## Work order:
Would you please copy only the lines from the line that contains "6501 Misty Waters Dr, Bismarck, ND 58503" to the end of the data below, exactly, leaving every picture out?

-- Recorded information follows --

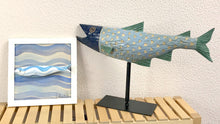 Carregar imagem no visualizador da galeria, Quadro Azulejo Sardinha, Leveza do mar - 24x24cm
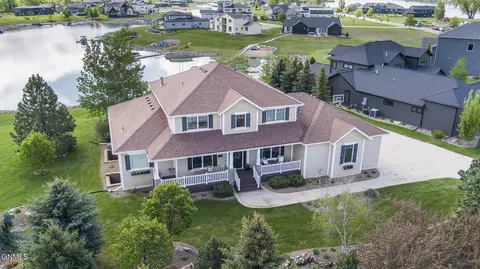 6501 Misty Waters Dr, Bismarck, ND 58503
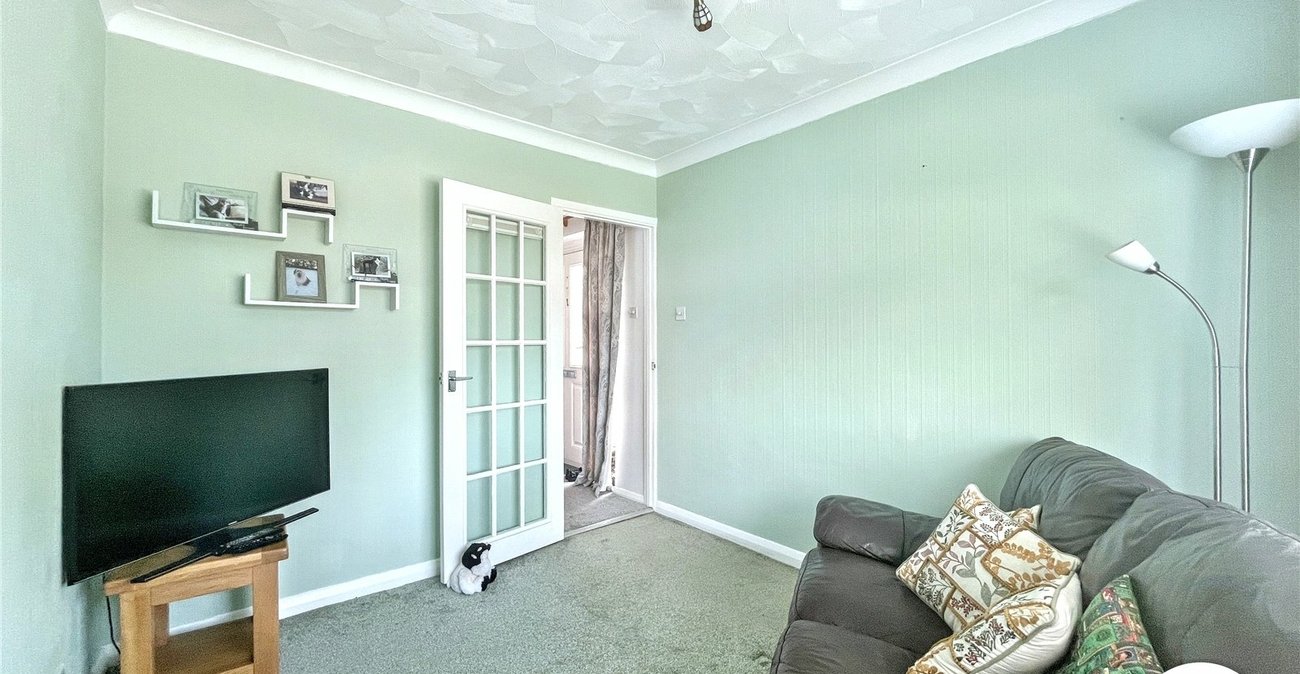 3 bedroom bungalow for sale in Sittingbourne | Robinson Michael & Jackson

-- Recorded information concluded --

## Response area:
 6501 Misty Waters Dr, Bismarck, ND 58503
 3 bedroom bungalow for sale in Sittingbourne | Robinson Michael & Jackson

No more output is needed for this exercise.